Trials with target object in task 1 are allocated regarding the
participant?s reactions in PM hits (participants did press the button) and
PM misses (participants did not press the button). (Therefore, a certain
picture can be a PM hit trial for one child and a PM miss trial for the
other.) As there were six trials (= pictures), which contained the target
object, each participant can have a minimum of zero and a maximum of six PM
hits with the according number of PM misses.
Here is the number of PM hits per age group:

Younger children:
- 2 children: 0 hits
- 9 children: 1 hit
- 8 children : 2 hits
- 12 children: 3 hits
- 4 children: 4 hits
- 4 children: 5 hits
- 7 children: 6 hits

Older children
- 2 children: 0 hits
- 3 children: 1 hit
- 4 children: 2 hits
- 6 children: 3 hits
- 7 children: 4 hits
- 11 children: 5 hits
- 12 children: 6 hits

(In the visual search task almost all children have pressed the button
correctly in all 12 visual search target trials).

She is interested in how long participants looked at the PM and visual
search target, respectively, depending on if it was a PM hit, a PM miss or
a visual search hit and how this is influenced by the age group. Therefore,
she has got only one data point per trial. And if a participant has no PM
misses there is no data point at all in this condition for this participant.

The variables are defined as follows:
- age_group: categorical predictor with 2 levels (younger and older
children)
- condition: categorical predictor with 3 levels (PM hit, PM miss, visual
search hit)
+++++++++++++++++++++++++++++++++++++

My suggestion for the maximal linear mixed model would be:

lmer(dwell_time ~ age_group*condition + (1 + condition|participant) +
(1|picture), data)

I intentionally didn`t use (1 + condition|picture) here because there are
different pictures in the task blocks (see above) - hope this makes sense.

I have two questions:
1. Am I correct with the maximal linear mixed model specifications?
2. I think that the data points in the PM-miss-condition (or
PM-hit-condition) are not missing at random because they are missing if
(and only if) there are 6 data point for the same participant in the
PM-hit-condition (and vice versa). Do you think one has to worry about this
and are there any suggestions how to deal with it?

Best,
Maarten
#
Hi Maarten,

I would not collapse the task and the kind of response (hit/miss) into
one condition predictor. They are conceptually independent as task is
a manipulated factor and response a measured value (covariate in this
model). Also, one of them can vary within pictures the other not (see
model specification below).

So my suggestion would be to have those two predictors:

task: 2-level factor: PM, VS
response: 2-level predictor: hit, miss

Beware of how you specify the contrasts for (all of) the categorical
predictors. The default treatment contrast is most likely not the most
straight-forward way to interpret the model estimates.

Regarding your questions:

1. Am I correct with the maximal linear mixed model specifications?

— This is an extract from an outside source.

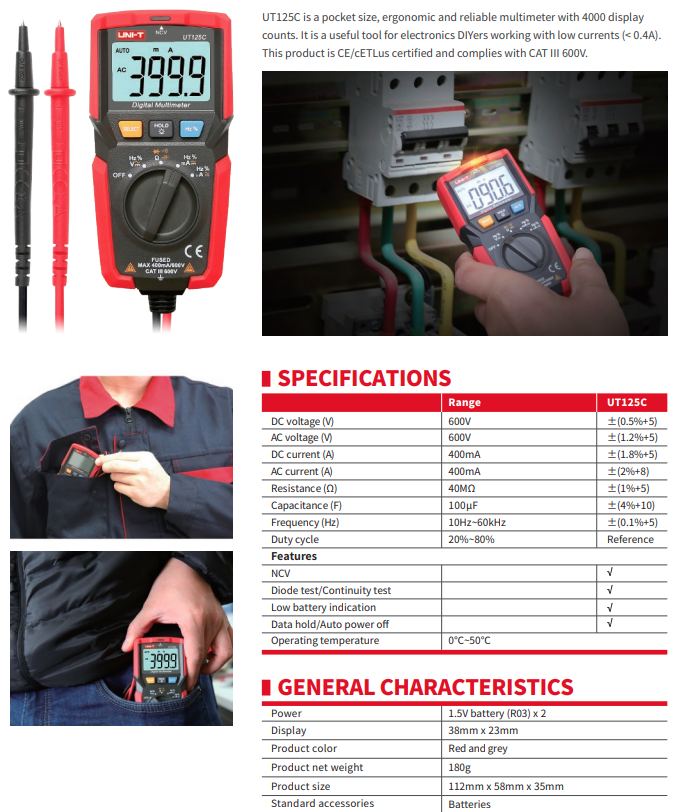 UT125C Digitalmultimeter, 4000 Counts, Pocket size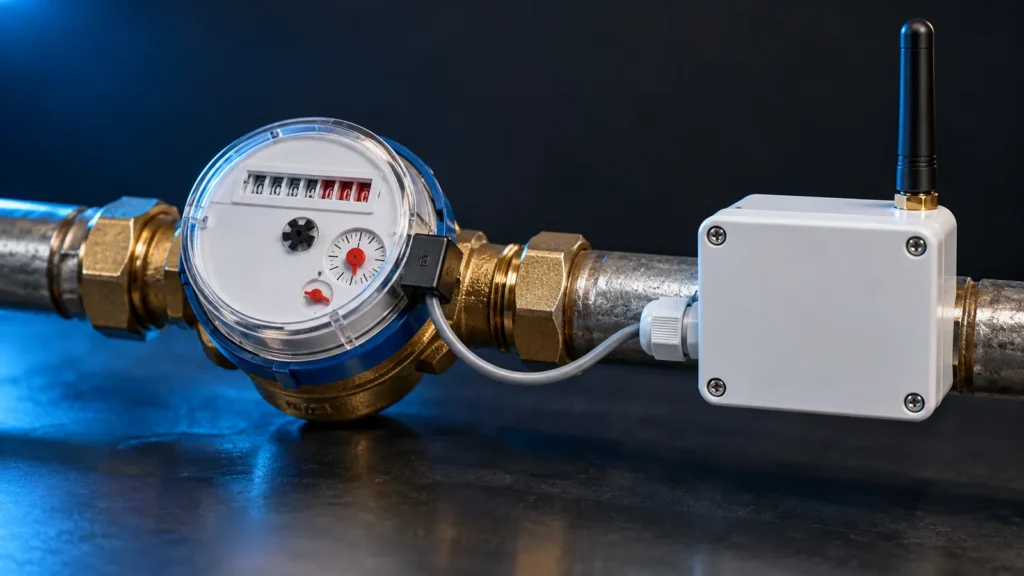 Лічильник води, підключений імпульсним виходом до радіомодема LoRaWAN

With the changed predictors I think that this would be the maximal
model. Response can vary also within pictures as each can be a hit or
miss.

lmer(dwell_time ~ age_group * task * response + (1 + task * response |
participant) + (1 + response | picture), data)


2. I think that the data points in the PM-miss-condition (or
PM-hit-condition) are not missing at random because they are missing if
(and only if) there are 6 data point for the same participant in the
PM-hit-condition (and vice versa). Do you think one has to worry about this
and are there any suggestions how to deal with it?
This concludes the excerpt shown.